== Segment start ==

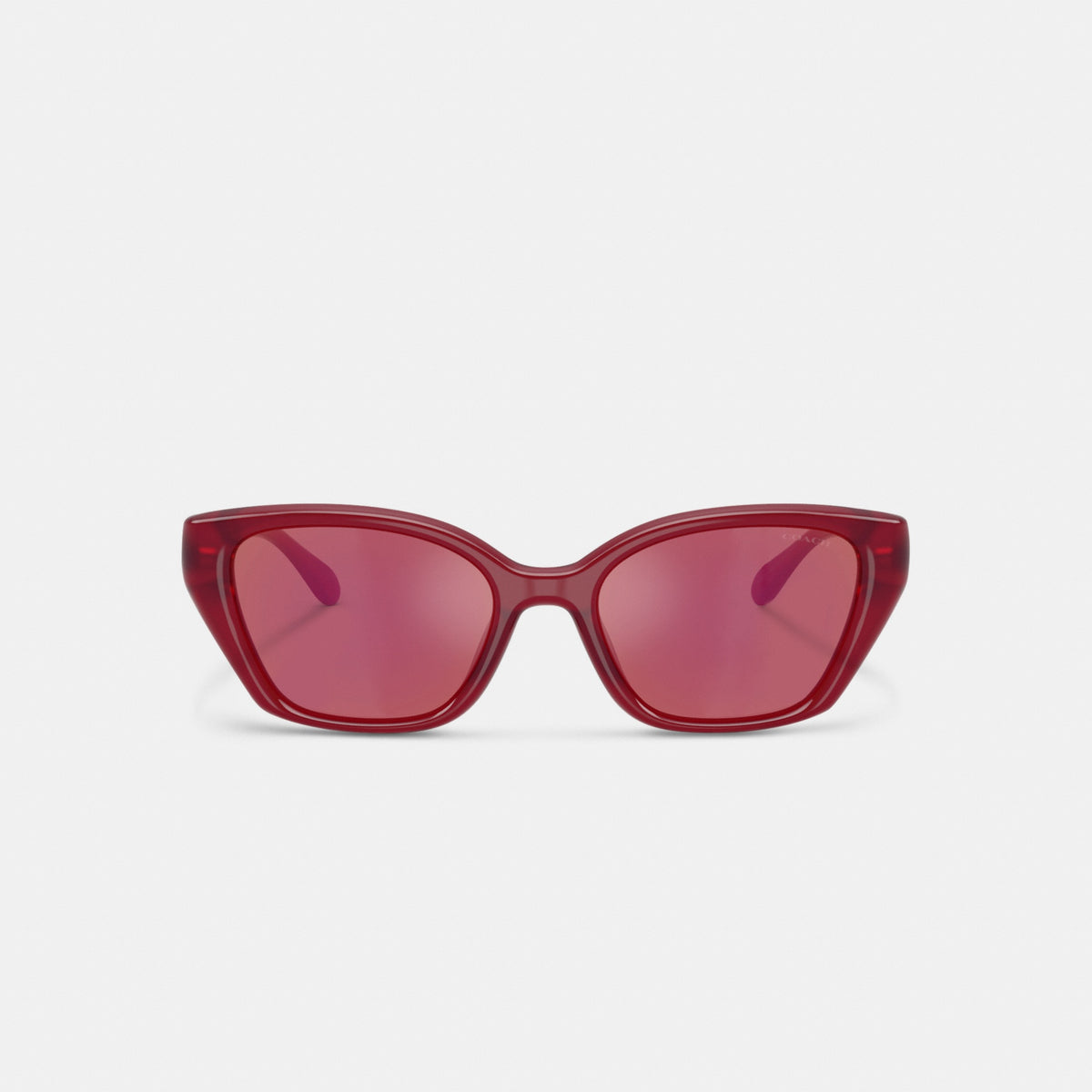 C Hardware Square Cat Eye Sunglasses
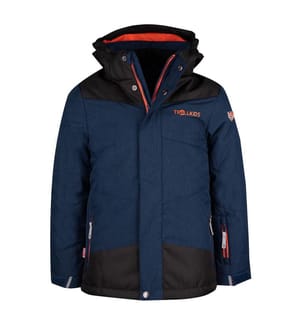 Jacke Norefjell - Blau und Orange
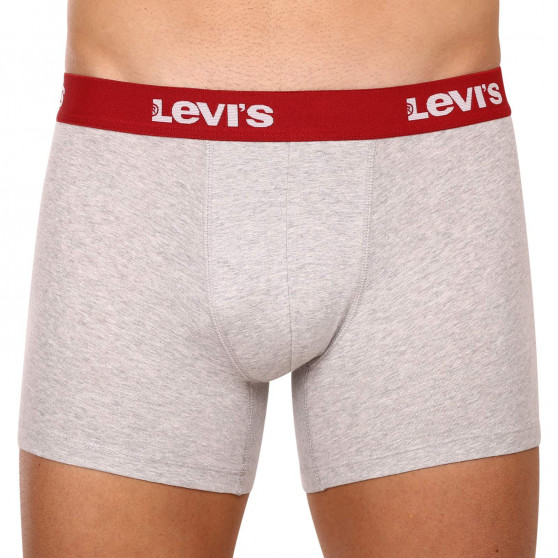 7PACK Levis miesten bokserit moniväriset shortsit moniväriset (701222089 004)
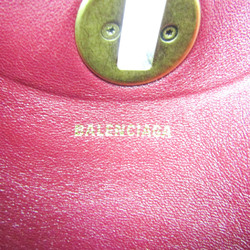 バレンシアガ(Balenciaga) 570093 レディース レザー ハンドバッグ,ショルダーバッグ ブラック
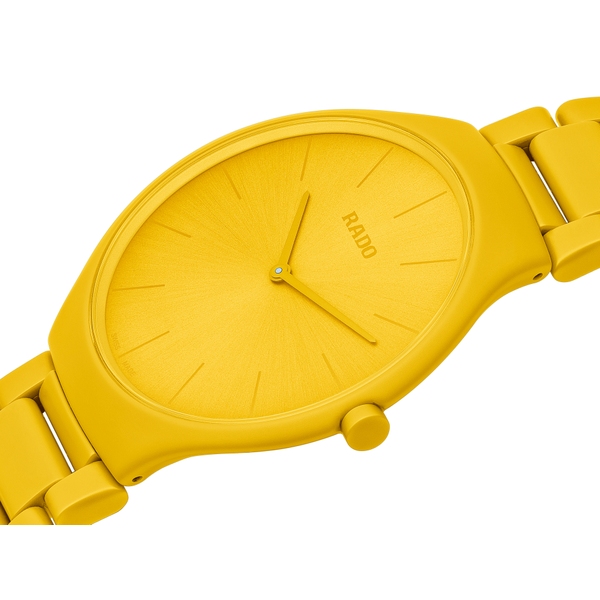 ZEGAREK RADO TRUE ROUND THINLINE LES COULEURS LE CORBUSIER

== Segment end ==
== Segment start ==

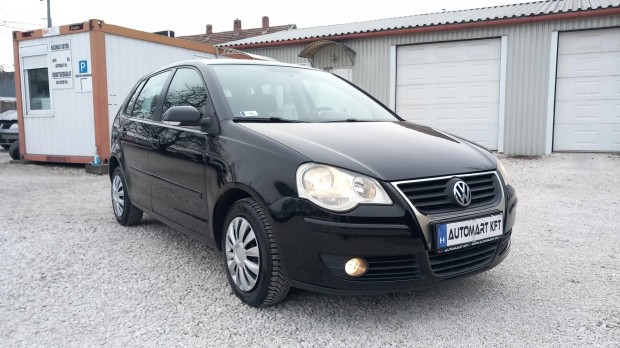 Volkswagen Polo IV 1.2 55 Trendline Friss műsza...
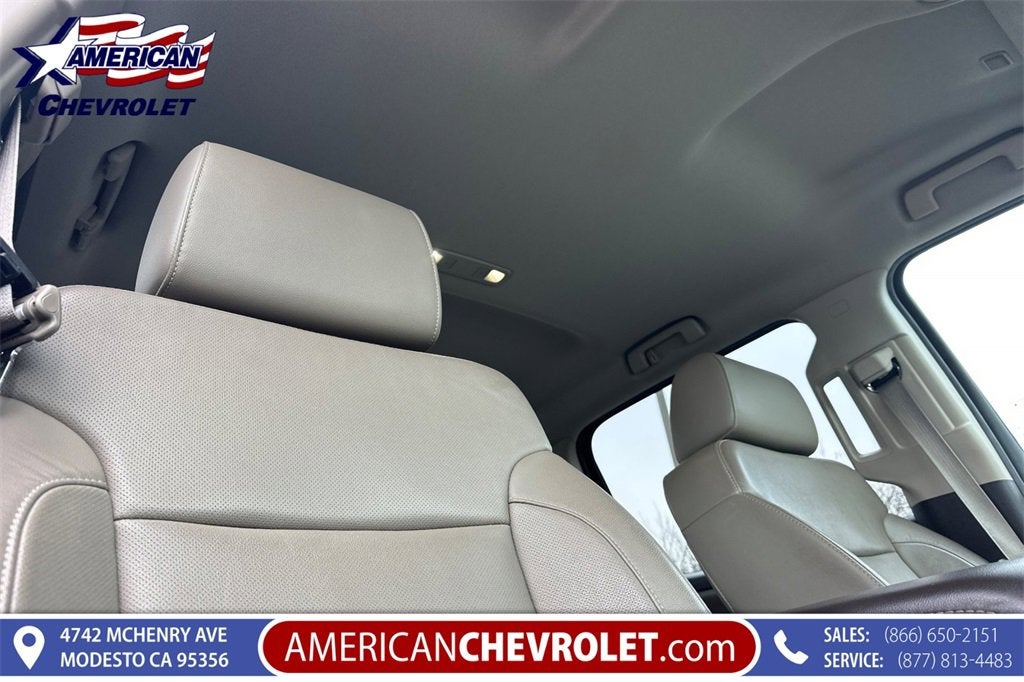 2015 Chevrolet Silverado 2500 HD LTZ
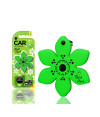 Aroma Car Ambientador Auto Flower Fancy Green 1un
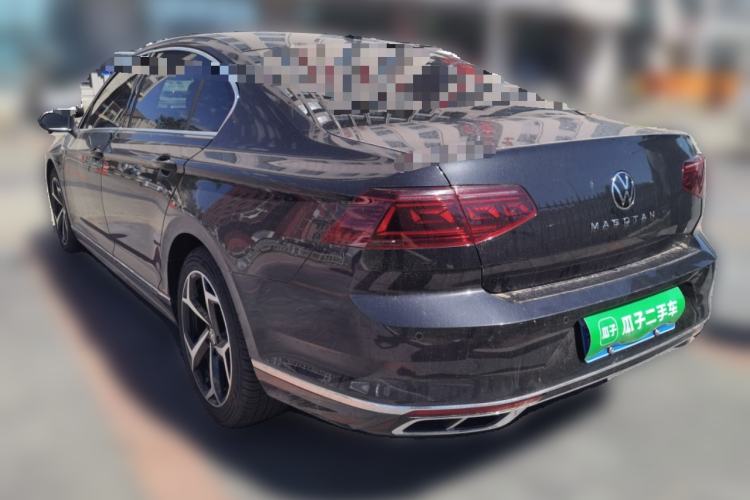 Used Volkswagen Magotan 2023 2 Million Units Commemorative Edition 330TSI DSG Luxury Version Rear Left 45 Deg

== Segment end ==
== Segment start ==

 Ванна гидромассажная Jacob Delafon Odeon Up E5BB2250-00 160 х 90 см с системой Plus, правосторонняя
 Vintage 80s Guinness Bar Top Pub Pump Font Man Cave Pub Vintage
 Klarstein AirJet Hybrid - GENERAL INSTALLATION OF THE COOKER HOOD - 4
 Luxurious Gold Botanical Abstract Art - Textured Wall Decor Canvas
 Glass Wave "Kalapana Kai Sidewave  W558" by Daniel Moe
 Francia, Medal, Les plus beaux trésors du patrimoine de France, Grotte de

== Segment end ==

[Work to complete]
An exact copy is needed of the entries above, starting at the line that holds "Jacke Norefjell - Blau und Orange" and stopping at the line that holds "ZEGAREK RADO TRUE", both kept; pictures stay out.

[Response to the exercise]
 Jacke Norefjell - Blau und Orange
 7PACK Levis miesten bokserit moniväriset shortsit moniväriset (701222089 004)
 バレンシアガ(Balenciaga) 570093 レディース レザー ハンドバッグ,ショルダーバッグ ブラック
 ZEGAREK RADO TRUE ROUND THINLINE LES COULEURS LE CORBUSIER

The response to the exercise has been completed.